Evita – Bord Gais Theatre – Review by Pia Maltri
Until 17 Jun 2017
Eva Perón’s story lends itself quite naturally to a musical of operatic quality such as those by Andrew Lloyd Webber. “Evita”, composed in 1976 by Webber with lyrics by Tim Rice, tells of the singular ascent of Maria Eva Duarte from her poor background to wife of Argentina’s president, and of how she wore, in one short life, most of the hats that popular icons can wear: from actress, to political leader, to a saint-like status after her premature death.
The production on at the Bord Gáis Energy Theatre until the 17th of June started life in the West End and was produced by Bill Kenwright. On the opening night (7th of June) the lead role was taken by Natalie Langston, substituting Emma Hatton reportedly having tonsillitis.
The show as a whole progressed as a well oiled entertaining machine, with good settings, realistic costumes, effective lighting and smooth dancing.
Now, it’s true that, in musicals, the focus is not exclusively on the singing. As American composer Stephen Sondheim put it: “It’s about the expectation of the audience. When it’s on Broadway people expect mediocre singing and good acting; when it’s in an opera house people expect mediocre acting and good singing.”

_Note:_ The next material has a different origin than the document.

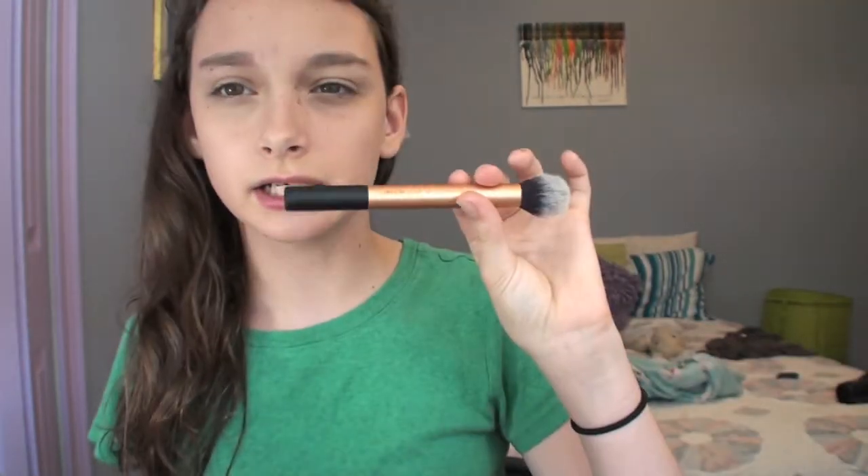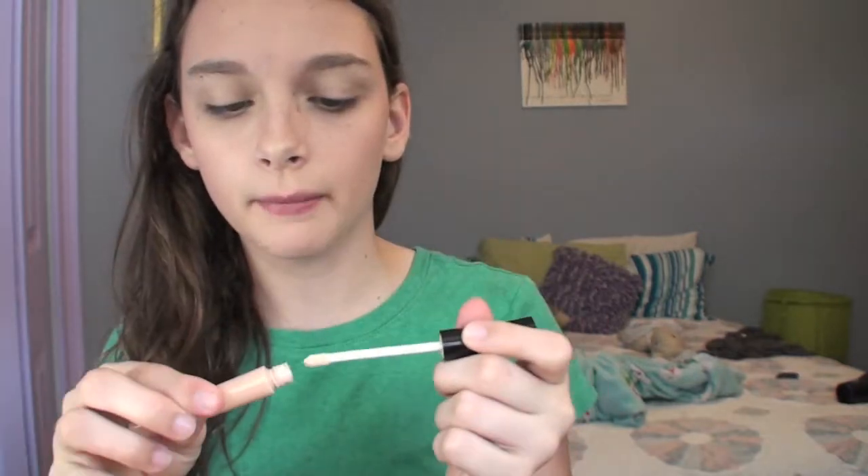Then I'm going to be taking the Real Techniques contour brush for under my eyes. I've been skipping blush a lot, so I'm just going to go to blush — this is the ELF Pox in a Box and Hot Flush by Hard Candy. Oh, and this is the ELF Crystal Collection. For an eyeshadow base we already used that concealer, so I'm just going to back that up with the ELF eyelid primer.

Still the singing should, at a minimum, flow smoothly and seamlessly sustain the plot and the visual elements of the show. That wasn’t the case with Langston’s Eva. Natalie Langston has a distinctively warm and powerful voice, but she struggled with this demanding role that requires a very broad vocal range. The struggle was particularly evident in the falsetto singing, as well as in the lower notes and in the recitatives, while when singing in her comfort range she was indeed quite enjoyable and punchy.
The role of the soldier Che (not to be confused with Che Guevara), something in between a meta-theatrical, critical narrator and Eva’s conscience’s personification, was played engagingly by Gian Marco Schiaretti, while Kevin Stephen Jones was a perfect Perón, with his well trained baritone voice.
But there were two minor roles who stole the scene in the evening. The first was that of Magaldi, played by Oscar Balmaseda who, early in the first act showed off his nice tenor voice in the song “On this night of a thousand stars”. The second was that of the Mistress, played by Sarah O’Connor. In her only song (“Another suitcase in another hall”) and only appearance on stage, she managed to effectively convey all the emotion and sadness of the abandoned lover.
Overall, well worth seeing for fans of musical.